If this is absolutely necessary, here are a few ways to achieve this:

Approach-1:
You can use the spark's foreachPartition which will require a udf function.In 
this, you can create a connection to limit the API calls per partition. 

This can work if you introduce logic that checks for the current number of 
partitions & then distribute the max_api_calls per partition.eg: if 
no_of_partitions = 4 and total_max_api_calls = 4, then you can pass in a 
parameter to this udf with max_partition_api_calls = 1. 

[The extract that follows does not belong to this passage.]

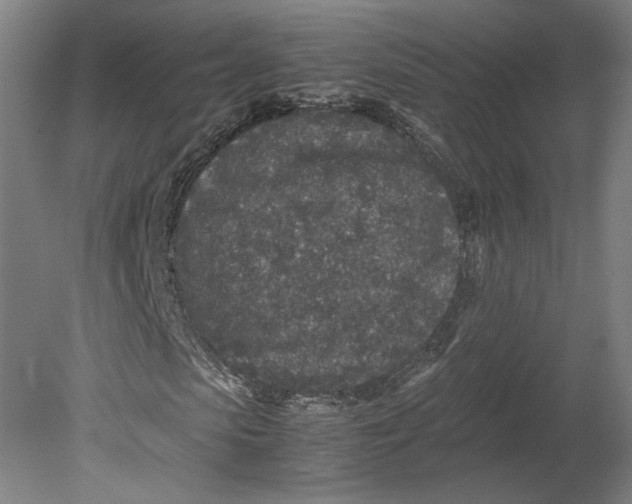 X0000080680913200701051030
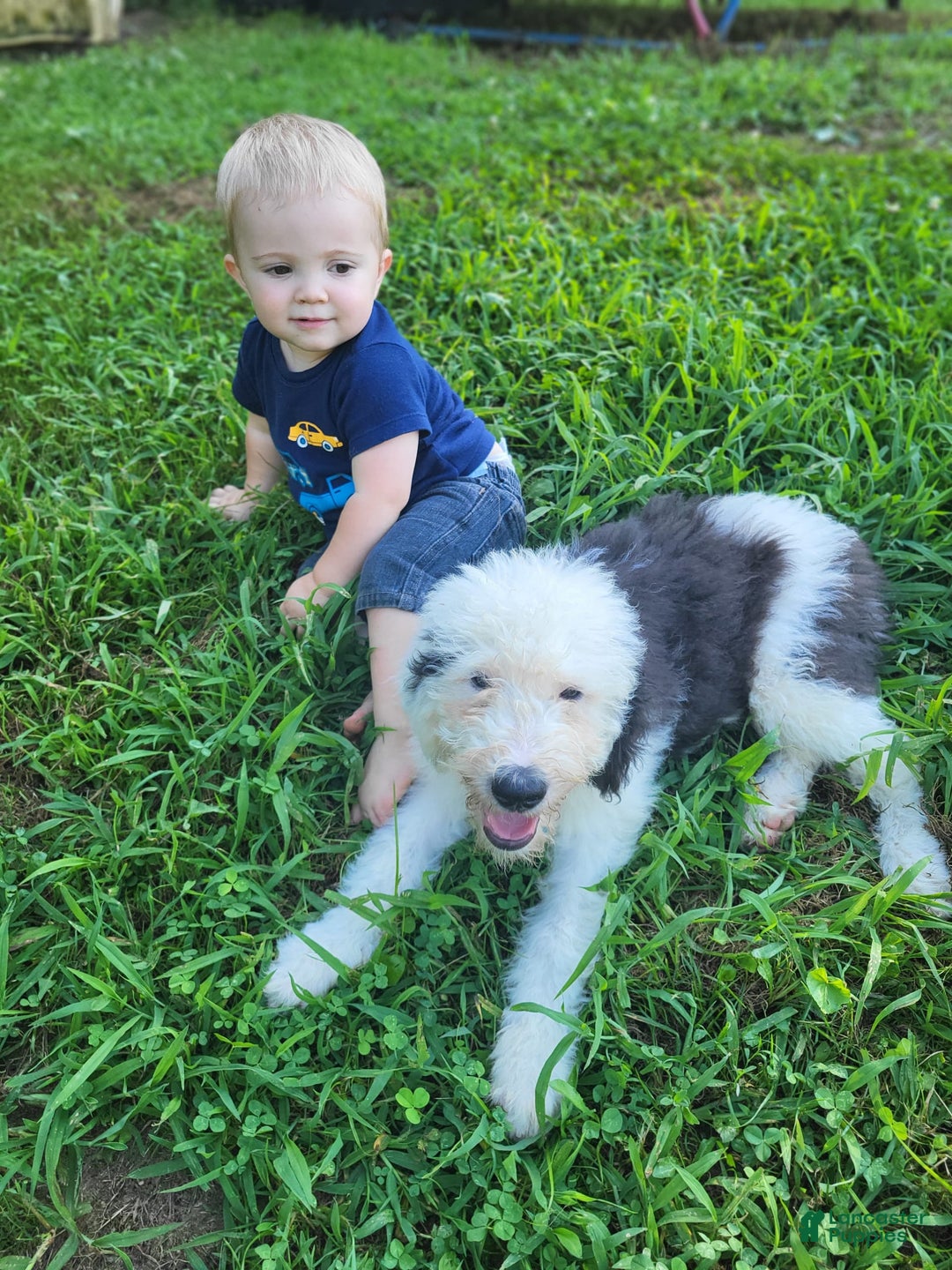 Old English Sheepdog dogs for sale: Indigo - Image 8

This approach has limitations as it requires max allowed api calls to be more 
than that of the number of partitions.
Approach-2
An alternative approach is to create the connection outside of the udf with 
rate limiter(link) and use this connection variable inside of the udf function 
in each partition, invoking time.sleep. This will definitely introduce issues 
where many partitions are trying to invoke the api.
I found this medium-article which discusses the issue you are facing, but does 
not discuss a solution for the same. Do check the comments also 

Regards,Varun


On Sat, Aug 26, 2023 at 10:32 AM Harry Jamison 
 wrote:

I am using python 3.7 and Spark 2.4.7
I am not sure what the best way to do this is.
I have a dataframe with a url in one of the columns, and I want to download the 
contents of that url and put it in a new column.
Can someone point me in the right direction on how to do this?I looked at the 
UDFs and they seem confusing to me.
Also, is there a good way to rate limit the number of calls I make per second?
  

Spark 2.4.7

2023-08-25 Thread Harry Jamison
I am using python 3.7 and Spark 2.4.7
I am not sure what the best way to do this is.
I have a dataframe with a url in one of the columns, and I want to download the 
contents of that url and put it in a new column.
Can someone point me in the right direction on how to do this?I looked at the 
UDFs and they seem confusing to me.
Also, is there a good way to rate limit the number of calls I make per second?